这份清醒的无奈与如山之责,将他牢牢钉在帝国的南疆。
第61章 首次北伐,北境出兵
玄荒边界,北境军团大营·中军帅帐。
帐内空气沉重。
巨大沙盘上,玄州山川插满刺眼叛旗:张阳赤旗、黄巢黄旗、张莽黑旗、鬼面骠骑灰旗……一片狼藉。

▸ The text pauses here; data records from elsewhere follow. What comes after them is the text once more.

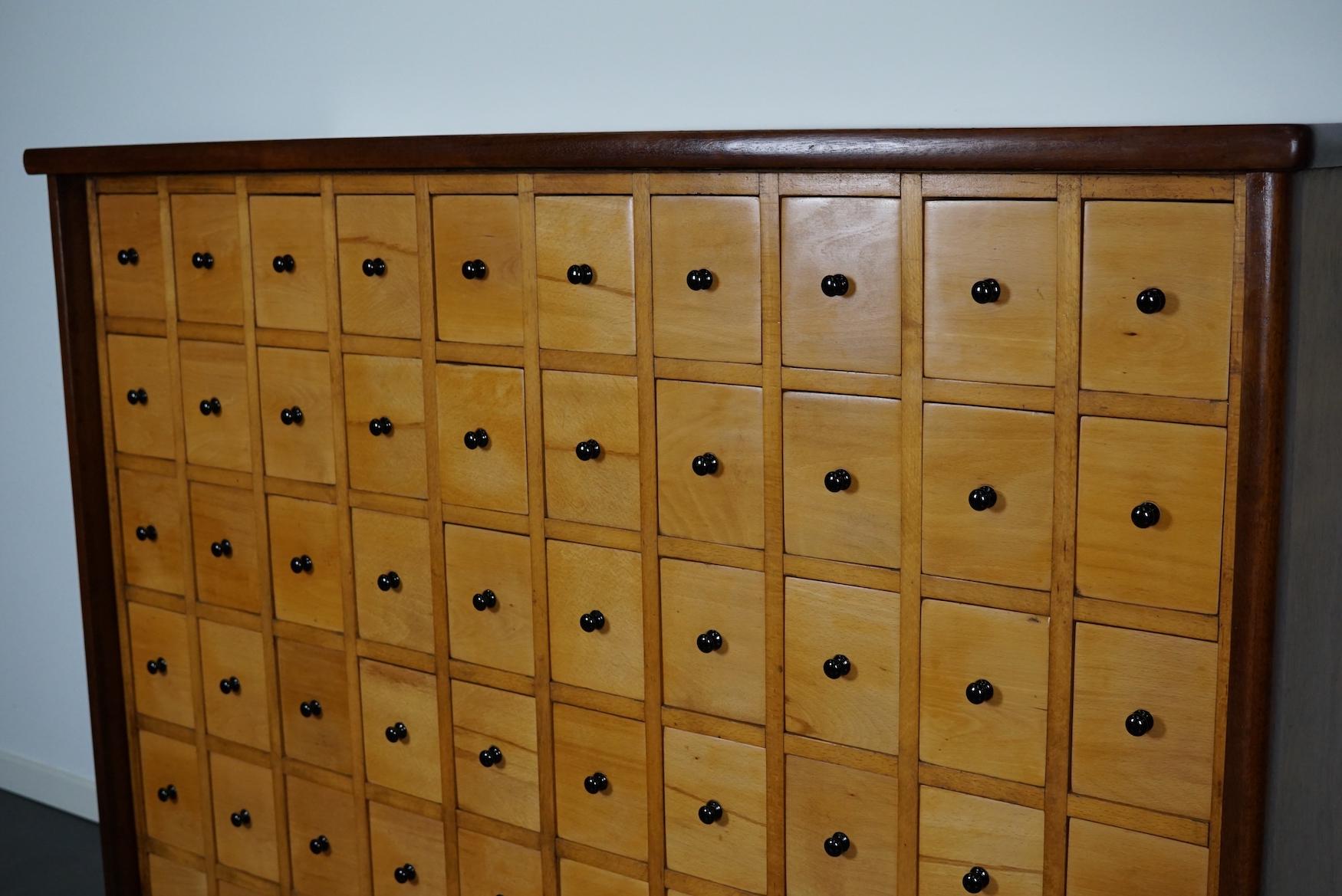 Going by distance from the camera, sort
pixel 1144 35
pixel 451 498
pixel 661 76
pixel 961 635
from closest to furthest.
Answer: pixel 961 635
pixel 1144 35
pixel 451 498
pixel 661 76

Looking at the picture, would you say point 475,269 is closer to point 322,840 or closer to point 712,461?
point 712,461

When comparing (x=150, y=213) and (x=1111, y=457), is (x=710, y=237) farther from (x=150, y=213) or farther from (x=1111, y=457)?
(x=150, y=213)

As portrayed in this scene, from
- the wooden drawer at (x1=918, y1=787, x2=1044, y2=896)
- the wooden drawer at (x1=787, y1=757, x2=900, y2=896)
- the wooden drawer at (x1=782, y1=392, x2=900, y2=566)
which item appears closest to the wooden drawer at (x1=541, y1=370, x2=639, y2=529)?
the wooden drawer at (x1=782, y1=392, x2=900, y2=566)

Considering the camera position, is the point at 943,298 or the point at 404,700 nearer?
the point at 943,298

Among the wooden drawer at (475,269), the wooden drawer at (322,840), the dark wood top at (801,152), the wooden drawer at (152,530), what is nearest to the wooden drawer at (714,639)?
the wooden drawer at (475,269)

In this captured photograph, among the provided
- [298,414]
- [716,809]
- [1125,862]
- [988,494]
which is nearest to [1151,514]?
[988,494]

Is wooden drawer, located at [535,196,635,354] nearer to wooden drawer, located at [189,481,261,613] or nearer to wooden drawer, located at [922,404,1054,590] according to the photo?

统帅崔世勋端坐主位,甲胄覆身,肩甲虎贲纹在昏灯下泛冷,奉令按兵不动,坐视玄州乱、荒州变,这煎熬啃噬着以卫国为信念的老将。
但身为崔氏旁支的出身,他别无选择。
若是没有家族的相助,他也不会能走到今天的,那他就必须要做出回报。
这天下本就不公平,世家的晋升往往都是比寻常人更快。
这也是当初李翊想颁布新政的真正原因。
世家把持朝政,一手遮天,有识之士得不到机会。
当然,这并不意味着世家之人,都是一无是处,垄断知识的世家,比之寒门学子更加优越。
只是世家出身的,牵挂太多,就如死去的太傅宇文普,就比如这北境军团的崔世勋。
首席谋士张玄静坐侧位,面容平静,手指捻须,目光扫视沙盘叛旗。
帐下四将:磐山营岳镇渊(银甲巨钺)、神射营霍凌霄(轻甲奇弓)、火骑营秦炎(赤甲火纹刀)、突骑营冷无锋(寒铁甲重剑),皆沉默,气氛压抑。
这时,急促马蹄声打破死寂,背插朱漆火羽令旗的信使被引入,单膝跪地,高举明黄诏书:“圣旨到!北境统帅崔世勋接旨!”
帐内众人挺直,眼中闪过异色。
此地与荒州相邻,那太傅丧命之事,他们早已经知晓,这道旨意大概就是……
崔世勋深吸气,起身跪地:“臣崔世勋,恭聆圣谕!”
众人跟随跪拜领旨。
信使展诏宣读:
“奉天承运皇帝,敕曰:太傅宇文普,国之重臣,奉旨赴荒州祭奠,惨遭叛逆李翊毒手,殒命英烈祠!滔天大罪!李翊拥兵自重,弑杀重臣,等同谋反,国之大逆!朕心甚痛,誓诛此獠,慰太傅之灵,正国法纲纪!”
诏书字字如锤。
虽预料之中,“宇文普殒命”、“李翊弑杀”、“国之大逆”正式宣告,帐内寒意骤升。
“着令北境统帅崔世勋,擢讨逆大将军!统北境军团三十万精锐,克日北上荒州!